Tuesday, 5 February 2013

Defining the RMI Contract | J2EE Tutorial pdf

Defining the RMI Contract

RMI procedures are defined using an existing Java mechanism: interfaces. An interface is similar to an abstract class, but a class can implement more than one interface. RMI remote interfaces must be subclassed from java.rmi.Remote and both the client and server must be in the same Java package. All parameters and return values must be either primitives (int, double, etc.), or implement Serializable (as do most of the standard types like String). Or they can also be Remote.
Figure shows the relationships between the important classes involved in an RMI implementation.

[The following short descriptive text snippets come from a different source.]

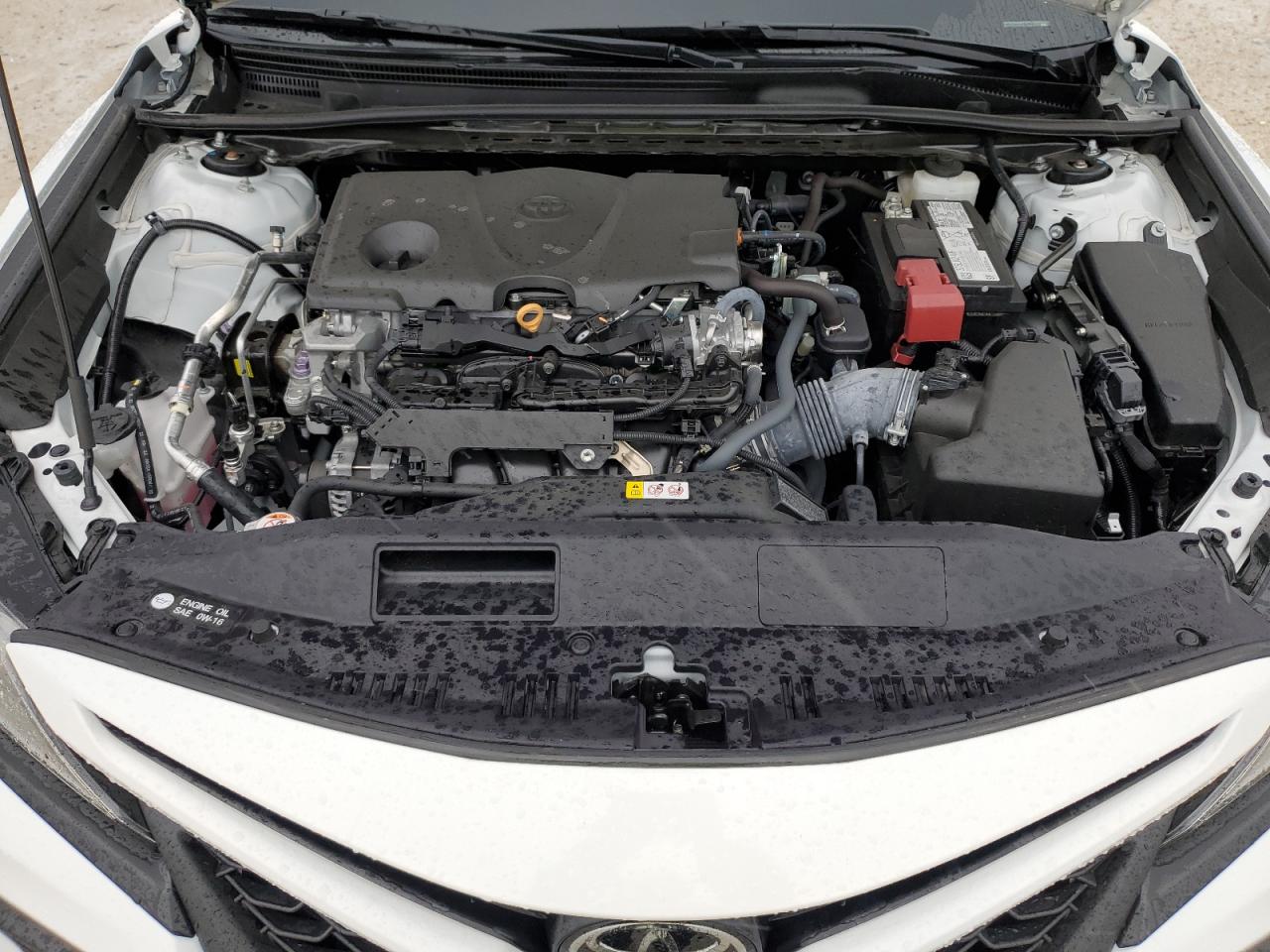 2023 Toyota Camry - Image 11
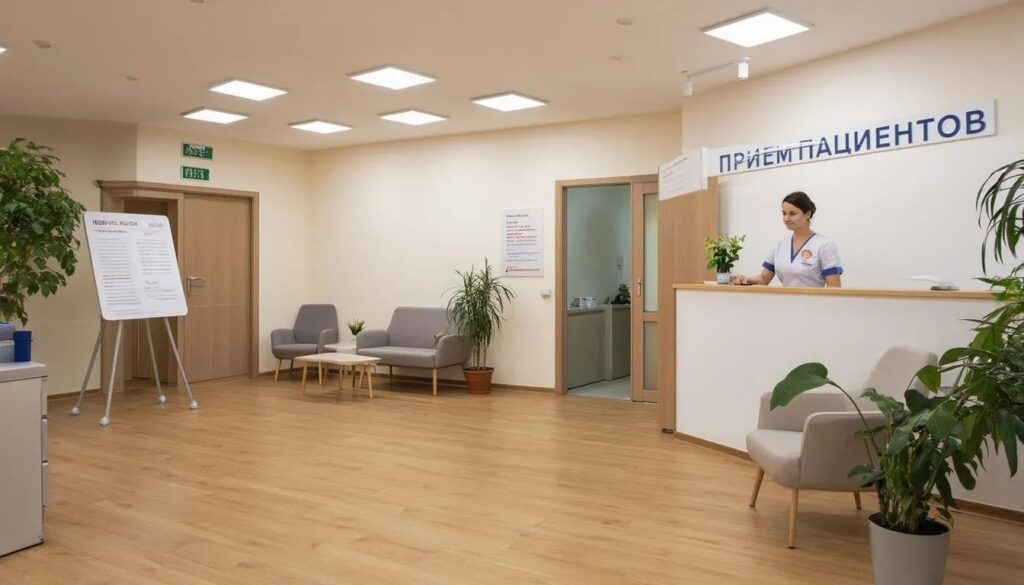 Частная медицина должна поделиться прибылью с государством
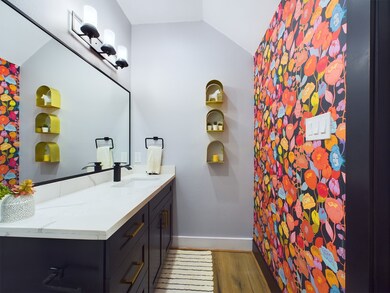 6476 T c Jester Blvd, Houston, TX 77091 - photo 3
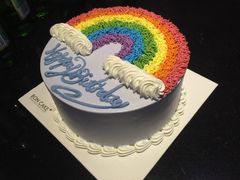 -BONCAKE裱花蛋糕(万象汇店)
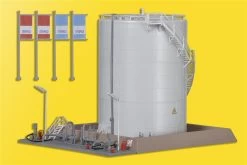 Kibri 39830 H0 Miro Hochtank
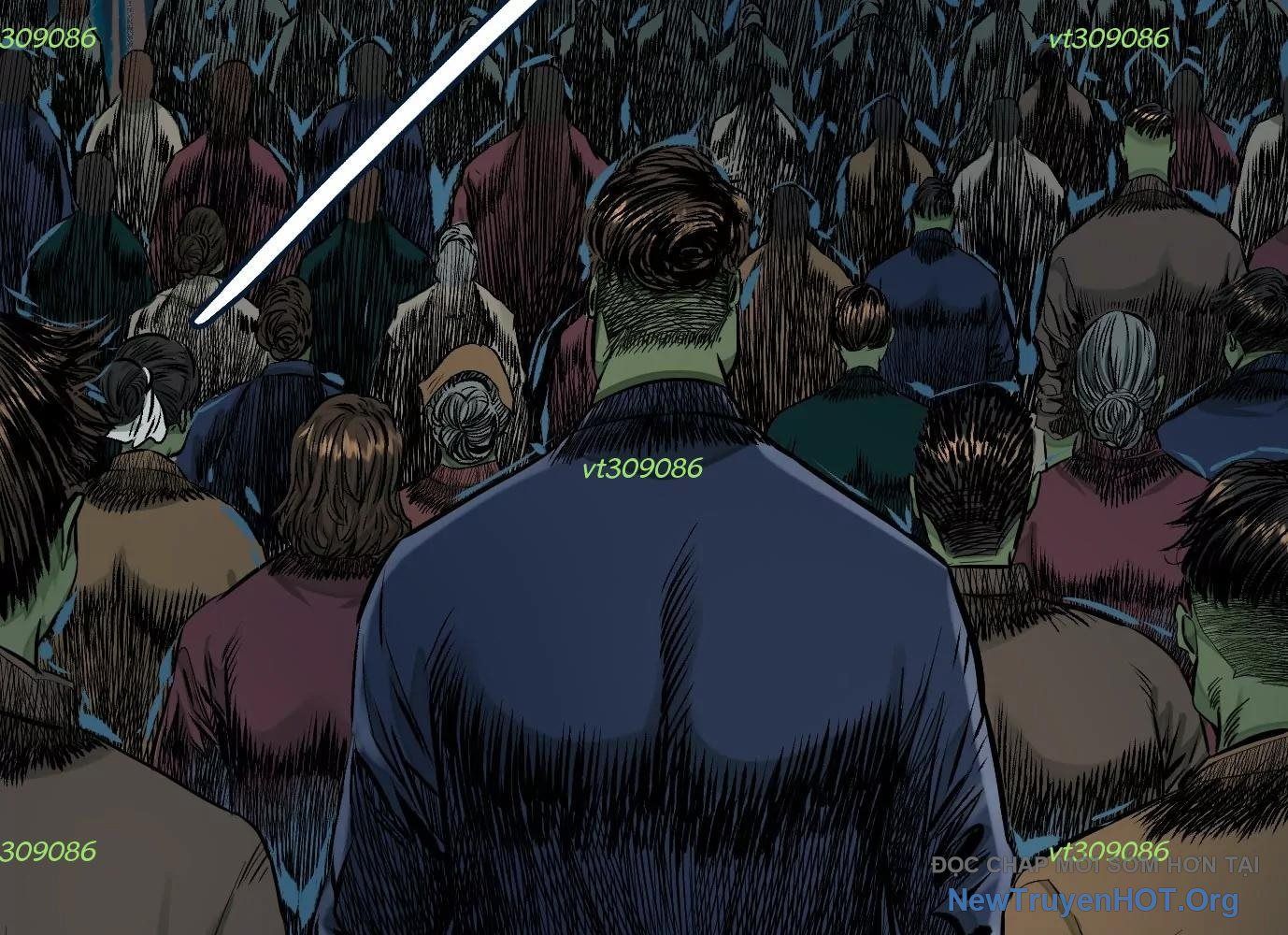 Thập Nhị Tinh - Dị Thú Mê Thành Chapter 35 - 8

The developer need only write the interface and two classes, the client application and the server object implementation. The RMI stub or proxy and the RMI skeleton or adapter are generated for us by the rmic program while the RMI Registry and other RMI classes at the bottom of the figure are provided as part of RMI itself. Next example is a simple RemoteDate getter interface, which lets us find out the date and time on a remote machine.
Example RemoteDate.java
package darwinsys.distdate;
import java.rmi.*;
import java.util.Date;
/** A statement of what the client & server must agree upon. */
public interface RemoteDate extends java.rmi.Remote {
/** The method used to get the current date on the remote */
public Date getRemoteDate( ) throws java.rmi.RemoteException;
/** The name used in the RMI registry service. */
public final static String LOOKUPNAME = "RemoteDate";
}
It's necessary for this file to list all the methods that will be callable from the server by the client.
The lookup name is an arbitrary name that is registered by the server and looked up by the client to establish communications between the two processes.